* **Required action**
Transcribe, exactly and without pictures, the lines below from the line with "Herbs , berries and flowers" to the line with "Enlarge Lil Mama, a", both ends included, and no others.

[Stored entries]

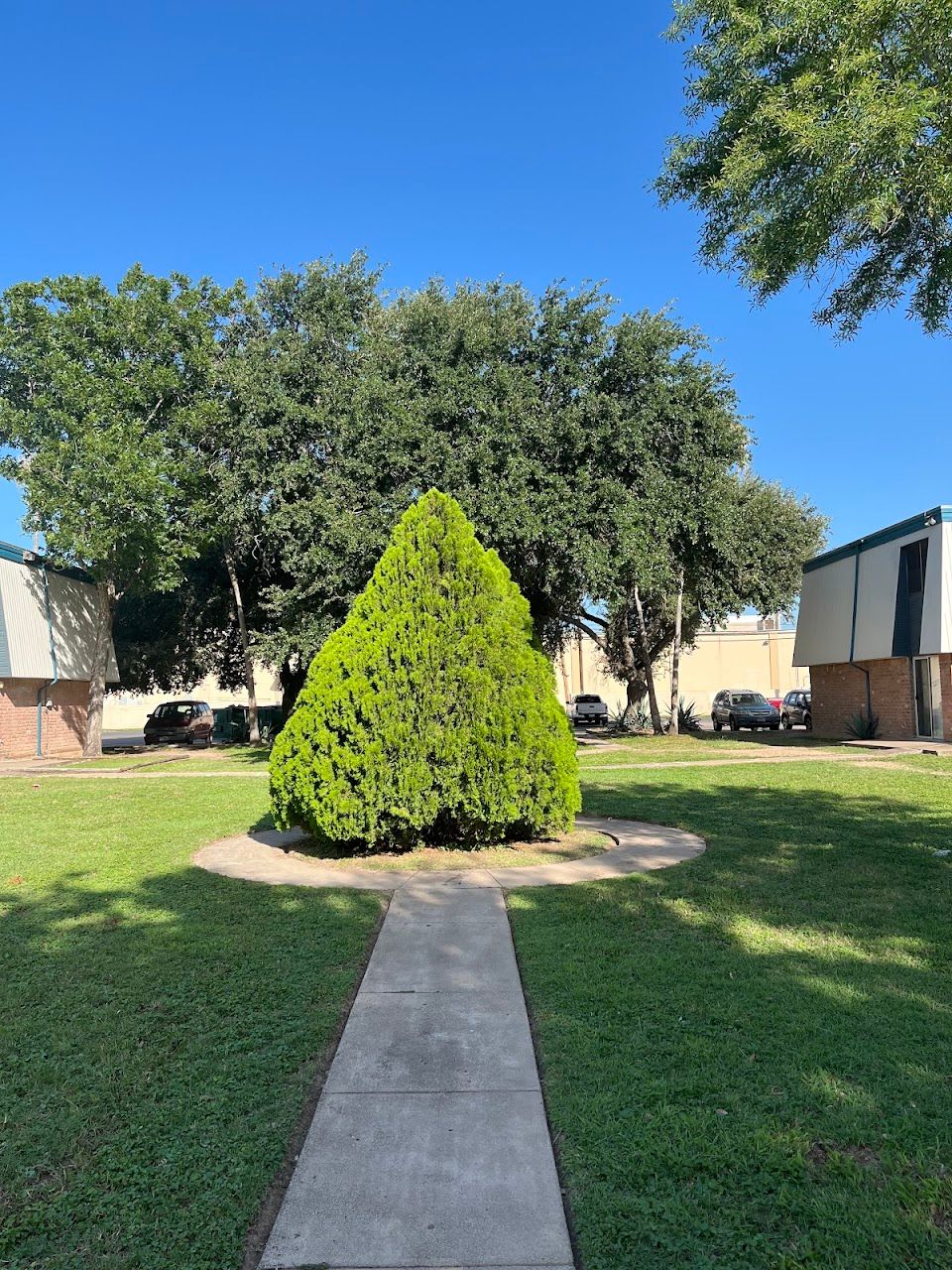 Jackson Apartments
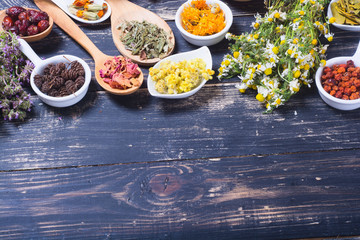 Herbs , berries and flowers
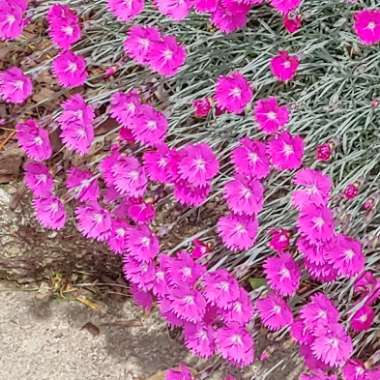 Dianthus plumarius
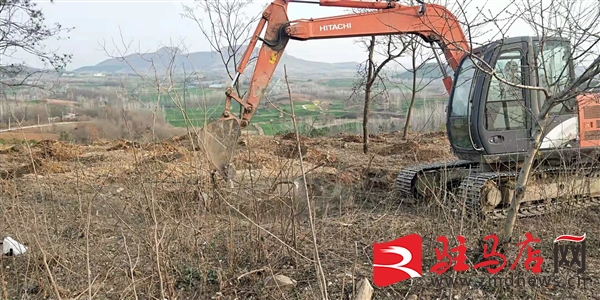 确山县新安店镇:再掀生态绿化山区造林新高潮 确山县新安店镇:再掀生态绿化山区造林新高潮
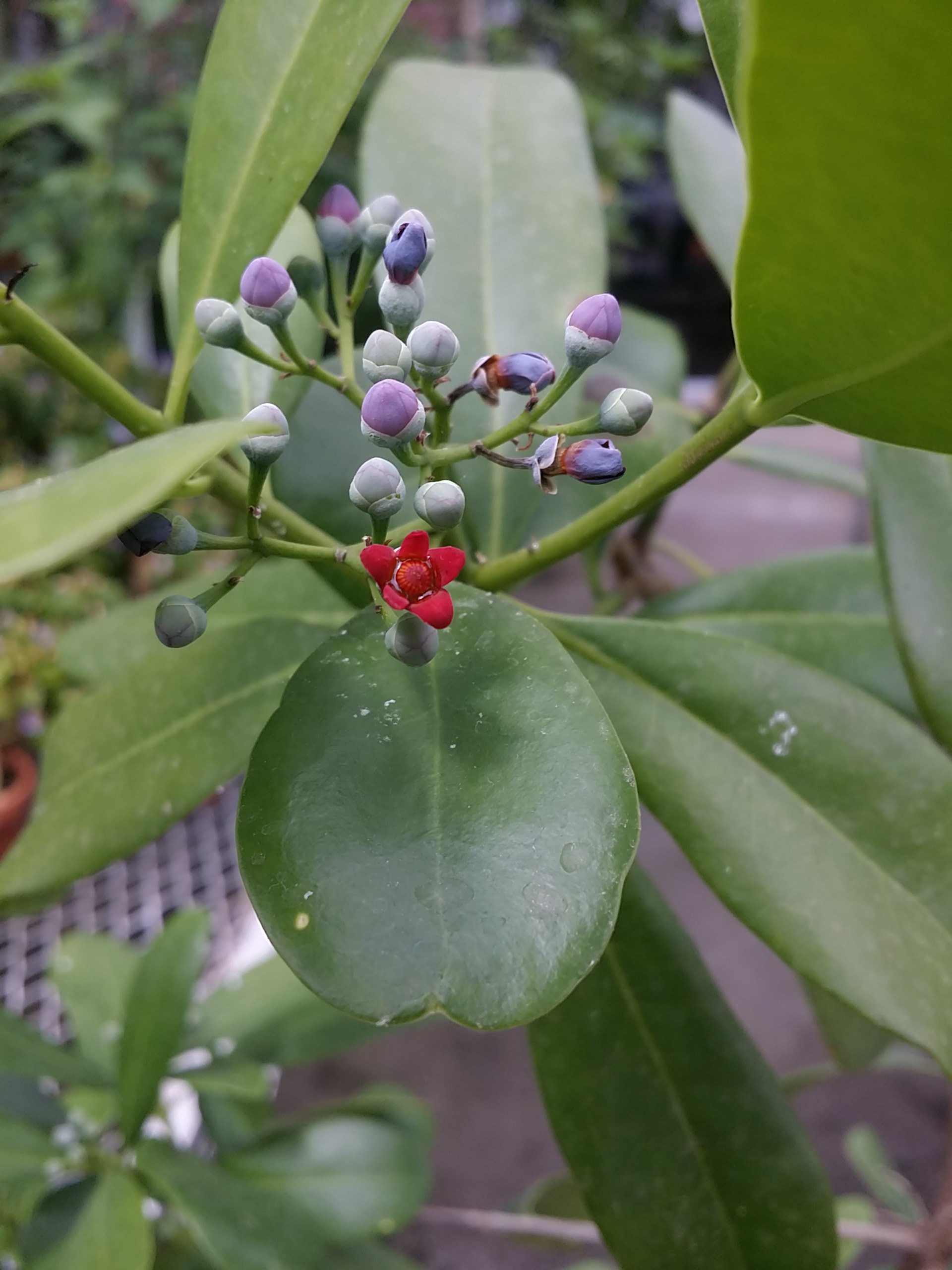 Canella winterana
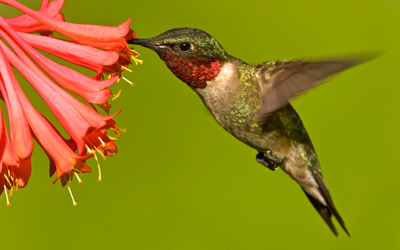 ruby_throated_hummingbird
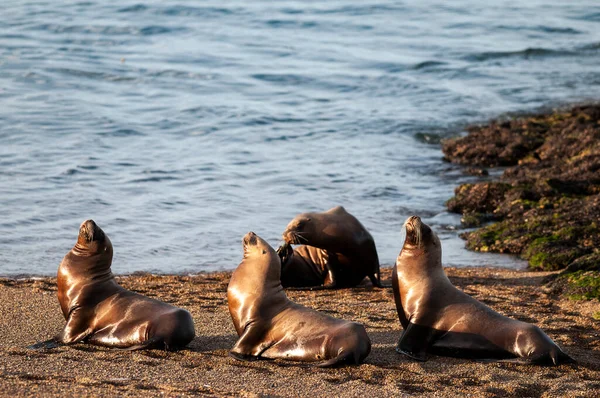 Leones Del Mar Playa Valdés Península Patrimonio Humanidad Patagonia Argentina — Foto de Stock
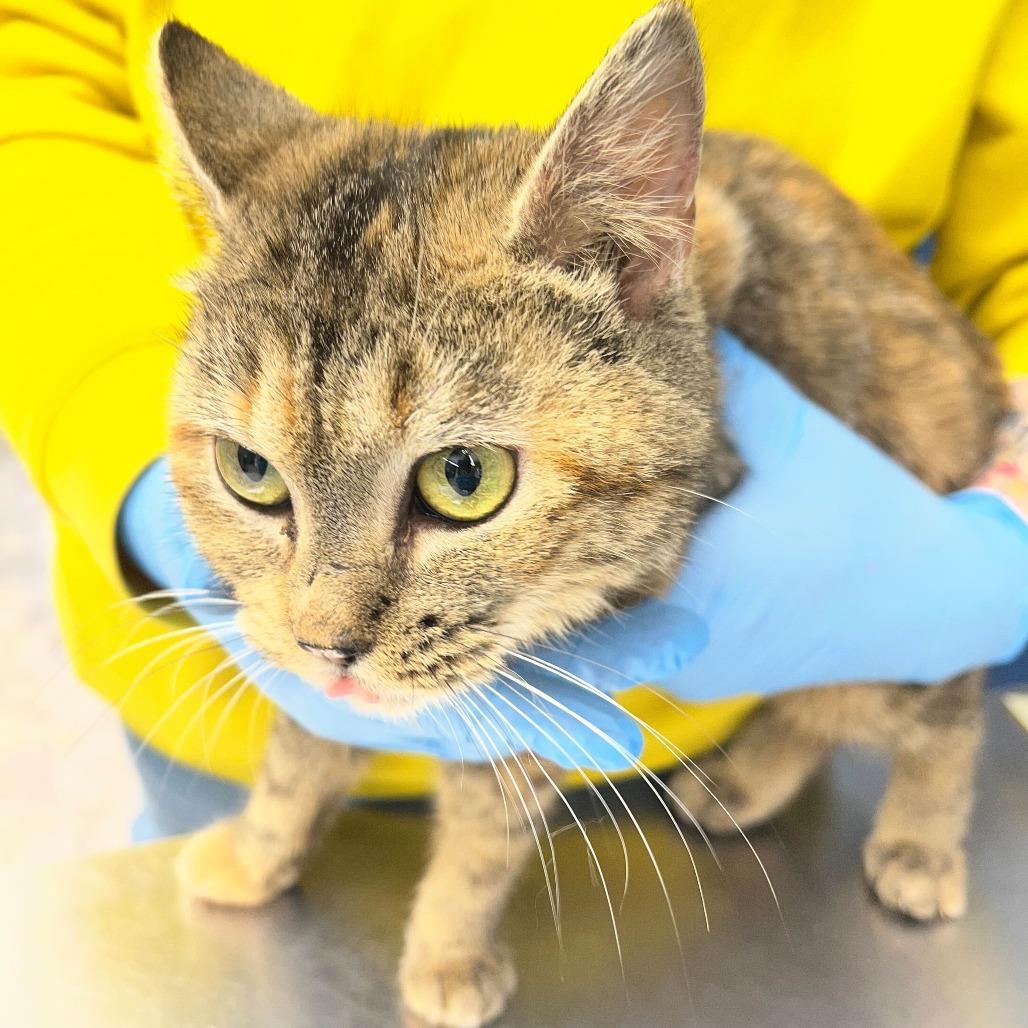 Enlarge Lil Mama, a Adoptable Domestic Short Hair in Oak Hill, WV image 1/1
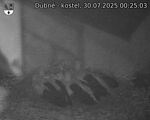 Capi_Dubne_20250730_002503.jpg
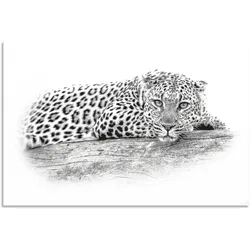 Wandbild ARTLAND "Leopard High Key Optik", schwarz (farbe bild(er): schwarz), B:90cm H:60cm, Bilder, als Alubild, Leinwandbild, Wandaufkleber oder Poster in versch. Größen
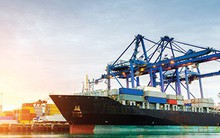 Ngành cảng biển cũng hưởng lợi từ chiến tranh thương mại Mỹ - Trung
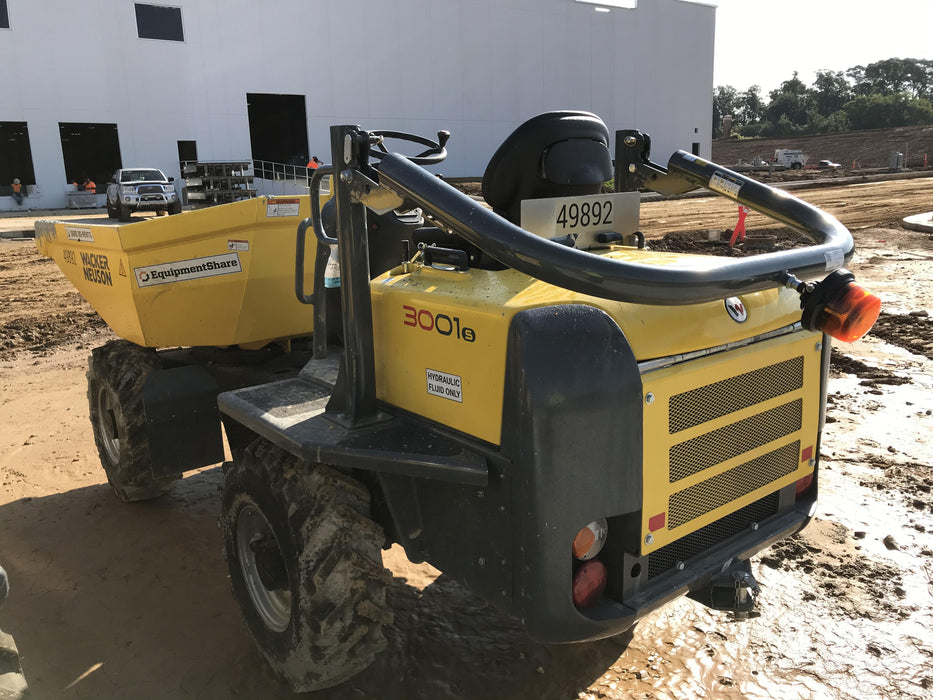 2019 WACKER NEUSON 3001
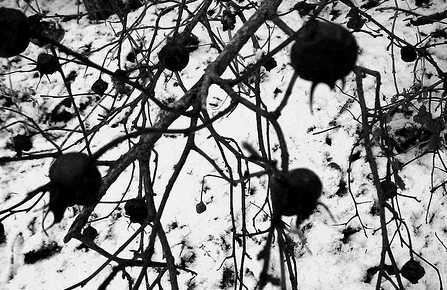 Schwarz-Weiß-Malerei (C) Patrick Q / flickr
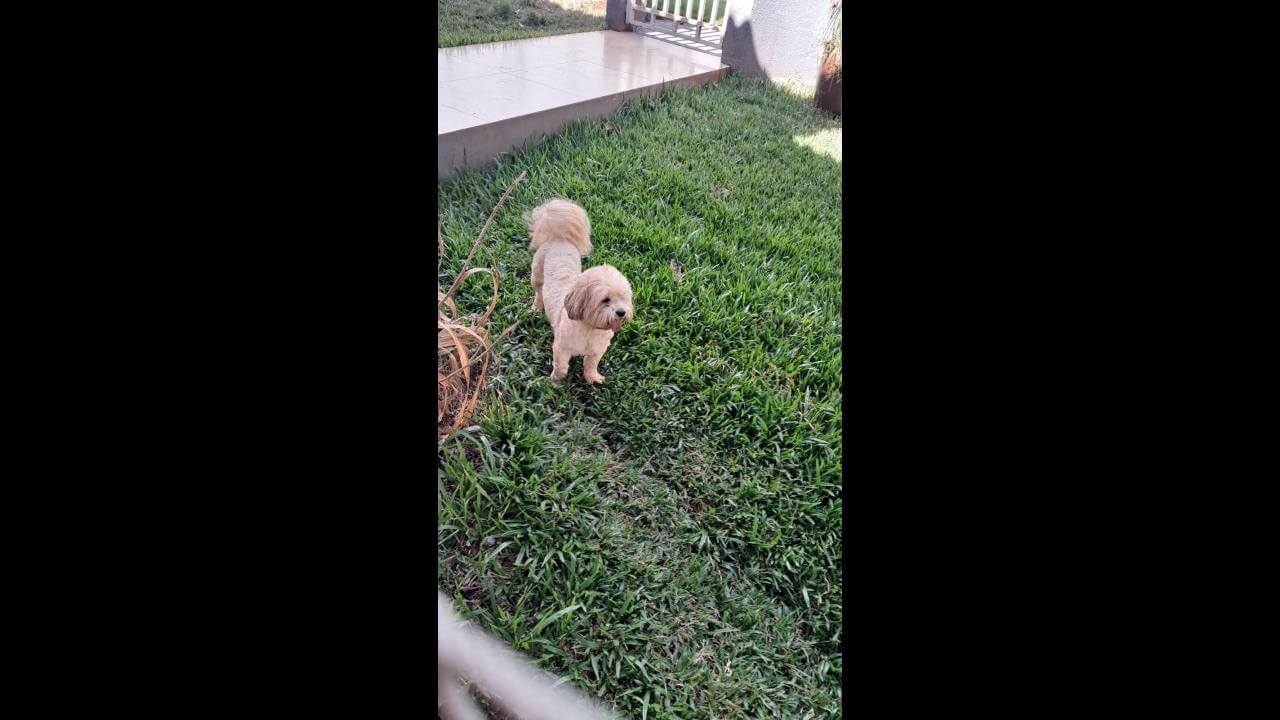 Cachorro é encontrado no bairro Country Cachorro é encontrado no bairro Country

* **Result for this exercise**
 Herbs , berries and flowers
 Dianthus plumarius
 确山县新安店镇:再掀生态绿化山区造林新高潮 确山县新安店镇:再掀生态绿化山区造林新高潮
 Canella winterana
 ruby_throated_hummingbird
 Leones Del Mar Playa Valdés Península Patrimonio Humanidad Patagonia Argentina — Foto de Stock
 Enlarge Lil Mama, a Adoptable Domestic Short Hair in Oak Hill, WV image 1/1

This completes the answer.